Monday, 16 February 2015


'Each individual, in the personal stories, describes in his own language and from his own point of view the way he established his relationship with God. These give a fair cross section of our membership and a clear-cut idea of what has actually happened in their lives.
We hope no one will consider these self-revealing accounts in bad taste. Our hope is that many alcoholic men and women, desperately in need, will see these pages, and we believe that it is only by fully disclosing ourselves and our problems that they will be persuaded to say, "Yes, I am one of them too; I must have this thing." ' (Alcoholics Anonymous)

The AA message is carried through stories.

The stories in the back of the Big Book are sometimes humorous, often deadpan, and apparently very honest.

The stories told in the meetings—likewise.

When I listen to podium talks from conventions, conferences, etc., a different picture emerges: the speaker, very often, rather than telling an honest, candid story, presents a disparaging caricature of himself (for it is usually men who do this) as an utterly selfish idiot drinker and newcomer.
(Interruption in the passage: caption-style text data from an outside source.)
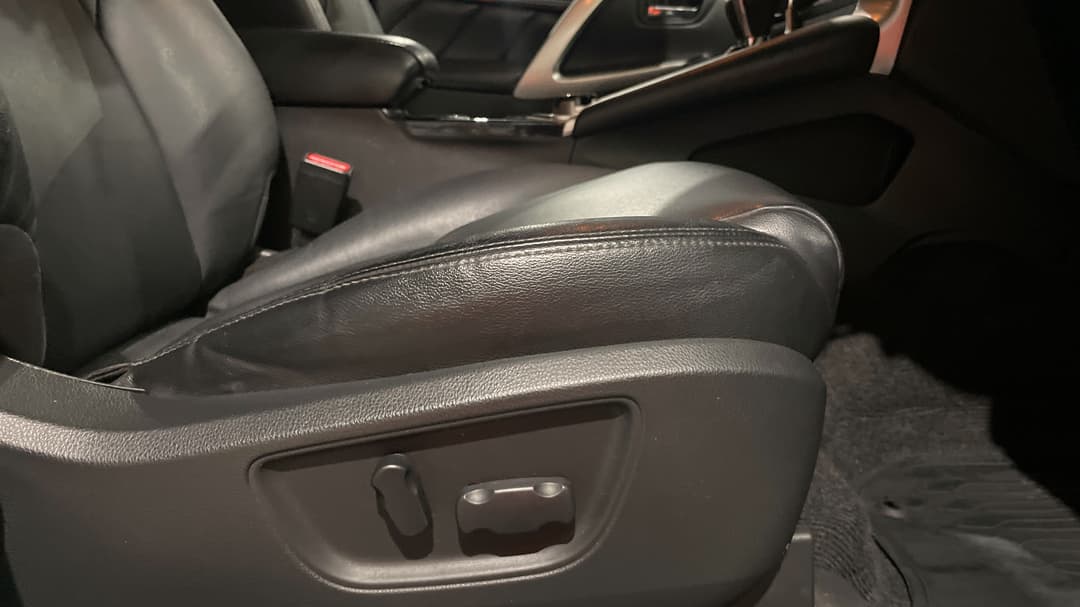 2018 Mitsubishi Pajero Sport Gls (4x4) 7 Seat, Automatic, 131376 km, Drivers Side Adjustment Panel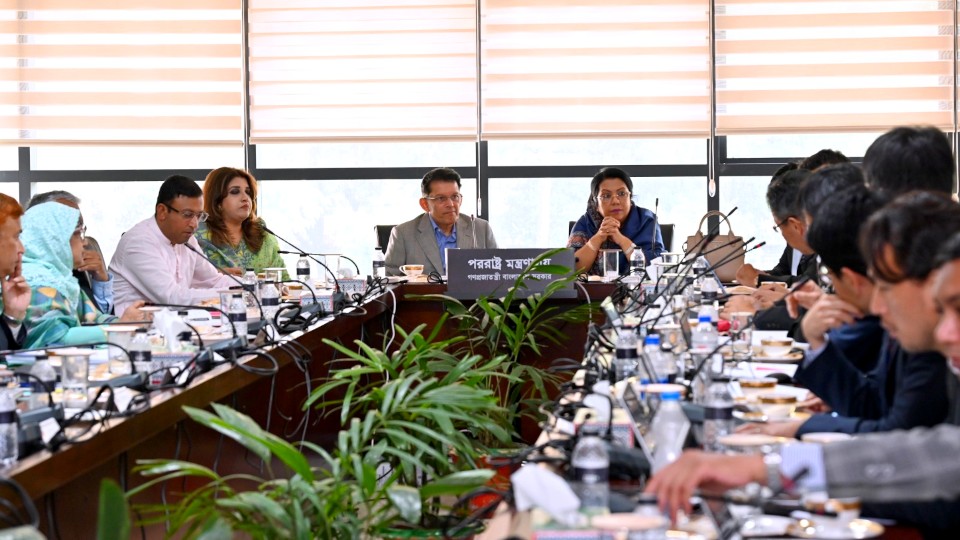 Bangladesh, Japan hold talks on third terminal's operation, maintenance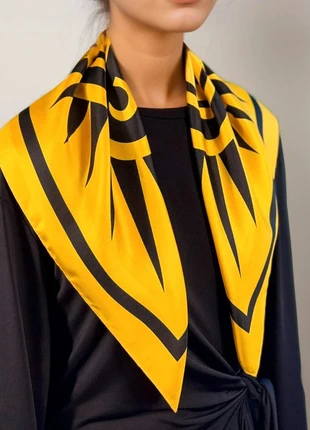 Carré de soie 66 cm – Ajaw, le Soleil | Collection Maya Pop | AKÅSA Biarritz, brand: Akasa Biarritz, condition: New with tags, €59.90, €63.60 includes Buyer Protection Pro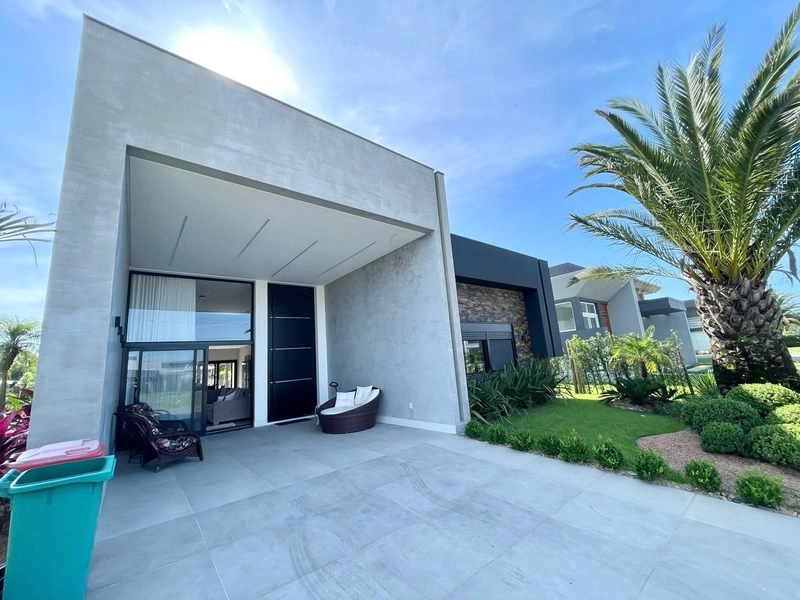 Casa no Condomínio Dubai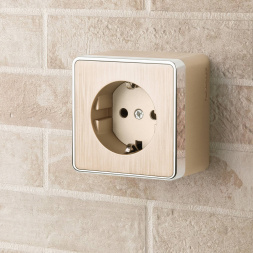 Розетка с заземлением Werkel Gallant шампань рифленый W5071010 4690389164491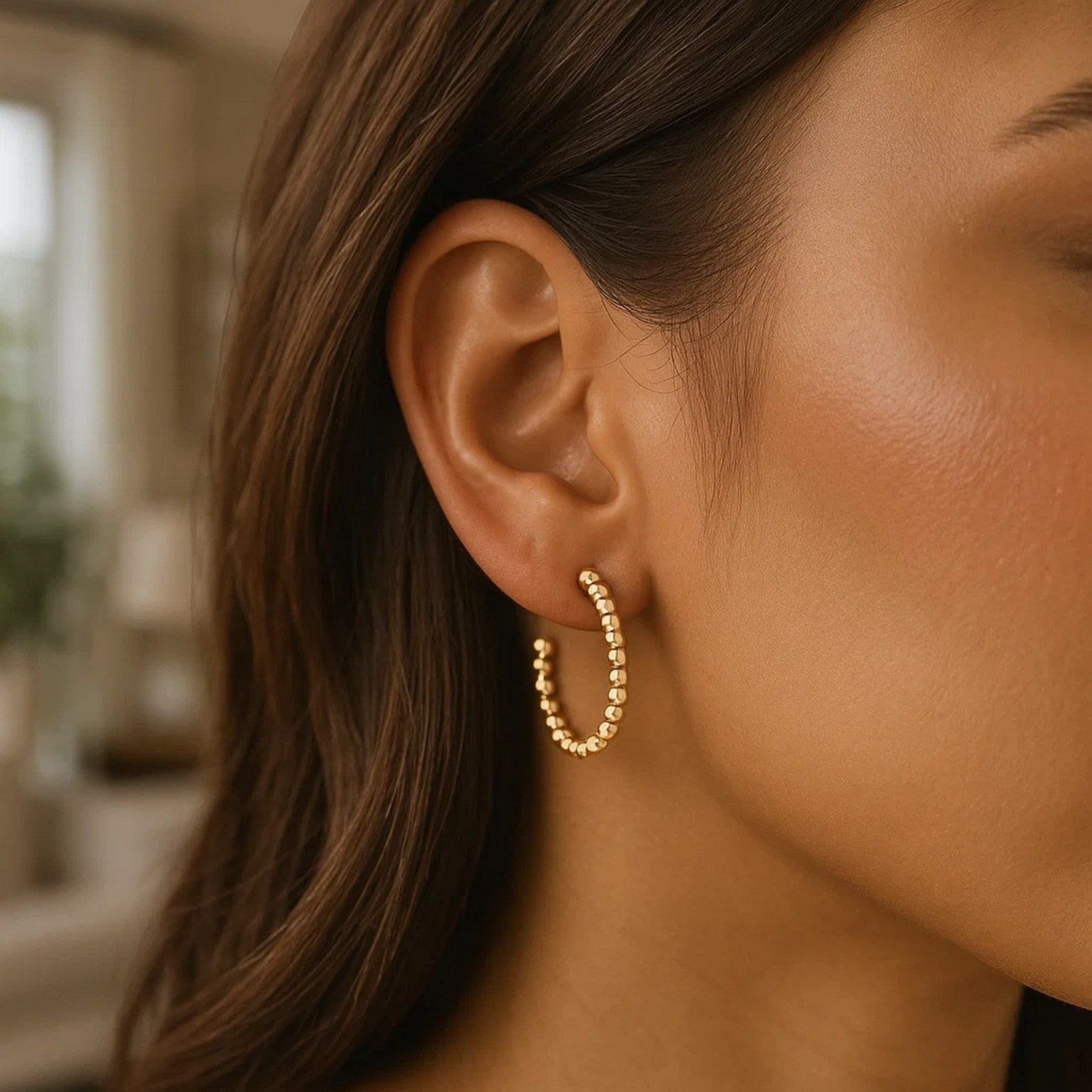 Peelerie jewelry piece in midnight luxury editorial product photo, high-contrast studio lighting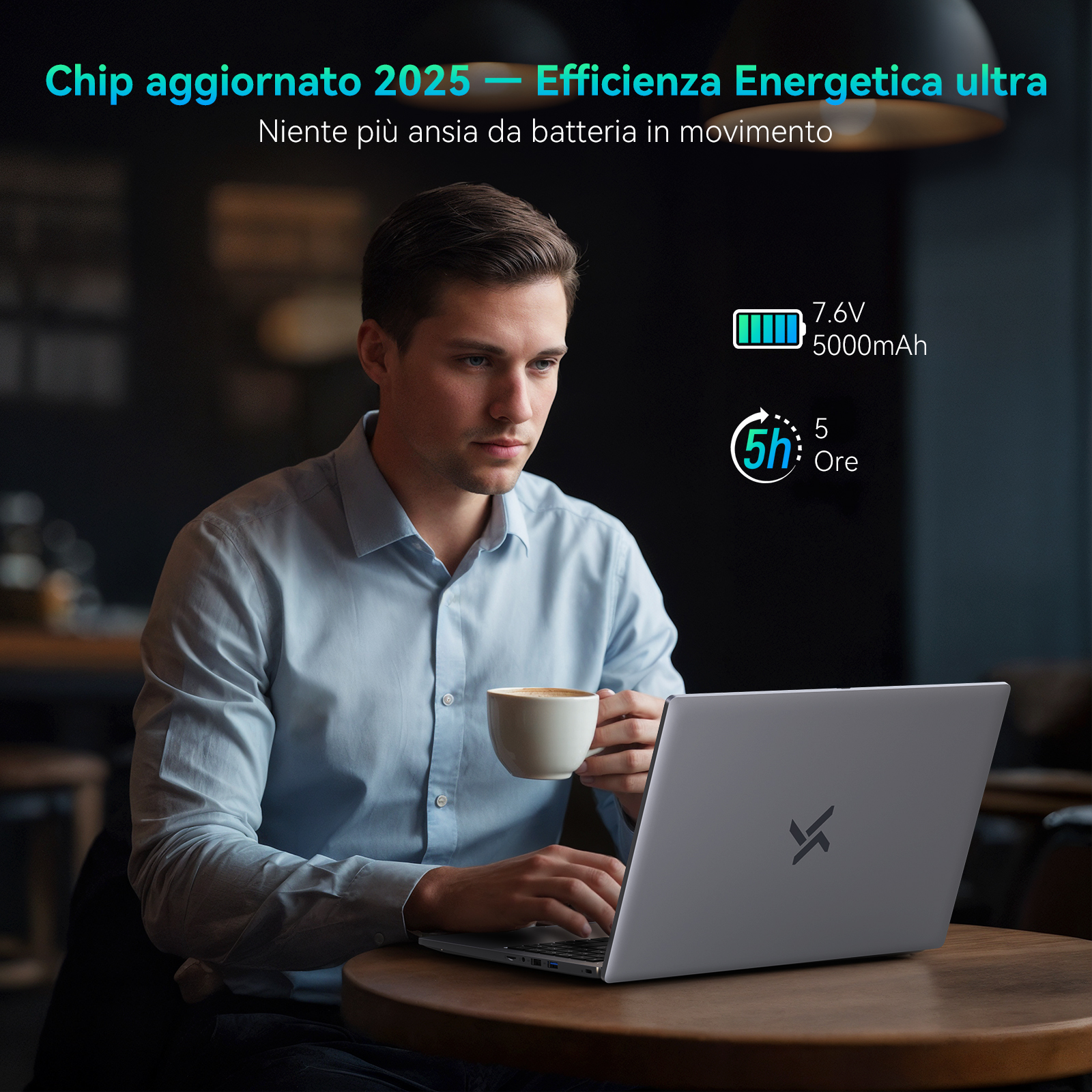 Uomo con laptop e caffè a un tavolo. Il testo menziona la durata della batteria e l'efficienza. Sfondo nero.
I, for one, struggle to identify with such stories, not because I was not utterly selfish and foolish as a drinker and newcomer, but because the picture is woefully incomplete: as a drinker and a newcomer, I was nonetheless a fully-fledged, complex human being, with a full range of emotions and experiences.

The reduction of public discourse to one-dimensional comic parodies of ourselves does not, in my view, further communication.

If AA is to grow to the next level, I believe that the choice of speakers at this very public level must move from stand-up comedian to individuals who may not have as much showtime to them but who have genuine, profound experience of spiritual growth and are able to be genuinely candid.

More substance, less glitter and gutter, please.